As your question was very brief, we don't know the following:
1. Apartment or house
4. You work
5. Puppy - large or small.
For any of the above, we recommend reverting back to house training. So you need to do:
1. Tons of outdoor trips (praise in a calm voice)
2. Crate near a door (See below for explanation)
3. The key word is *C A L M* when petting, taking it out etc.
Take note: A small dog is harder to house train and needs lots of patience. (Patience is also a key word.)
Remember to always be consistent and persistent when training your puppy.
(Crate Training review from [url="http://www.pets.ca/forum/showthread.php?threadid=60"]question #14)[/url]
The best way to housebreak (or garage break) any dog is with a crate. Very few dogs will make a mess in their crate if it is the right size. The idea is that their crate is equivalent to a wolf's den. They want to keep their special place clean. If the crate is too large and they can mess in one corner and get away to the opposite corner, they may do that. However, most dogs keep their crates clean.

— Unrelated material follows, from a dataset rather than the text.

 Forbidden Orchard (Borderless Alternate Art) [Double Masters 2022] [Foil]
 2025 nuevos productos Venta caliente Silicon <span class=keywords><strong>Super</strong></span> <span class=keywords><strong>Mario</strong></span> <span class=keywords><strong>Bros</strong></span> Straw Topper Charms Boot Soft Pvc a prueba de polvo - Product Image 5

Put your dog in his crate whenever you can't supervise him. As soon as you let him out, take him outdoors to do his business and praise him lavishly as soon as he pees or poops. You can even reward him with treats or a toy if you want. You want him to get the idea that outdoors is where he relieves himself. If you want him to always go to the same place, then always take him there on leash so he cannot chose for himself. Never scold him for making a mistake in the house or the garage unless you catch him in the act. Dogs only make connections between actions and their consequences within a few seconds time. That's why rewards have to come so quickly for good behavior.
© Nancy Kitching 2000
Dog Trainer Member of CAPPT, CKC, OKC (Ottawa Kennel Club),
and Bytown Obedience Club in Ottawa.
Hudson, Quebec J0P 1H0
Puppy urinates when seeing other dogs
My puppy is just over 8 months old and housebroken. However, whenever he sees another dog and sometimes other people, mostly people he already knows, he gets so excited, he "sprinkles." While he sometimes takes the submissive position when greeting other dogs, he is not scared. - other times he does not. On the contrary, he is just SO excited and just wants to play.
If it helps in your assessment, he is a 20 lb dacshund/terrier mix, crate-trained and I live in a condo in a high-rise building. He also goes to the door consistently to be let out - he knows not to go "potty" inside. He has been socialized frequently with other dogs and people, and since he was brought home at 10 weeks, adores other people and dogs.
Please advise :-).
If it's more excitement than submissive behaviour, he may grow out of it - in the meantime keep every greeting very low key, and have others do the same - even just ignoring him until he's calmed down a bit.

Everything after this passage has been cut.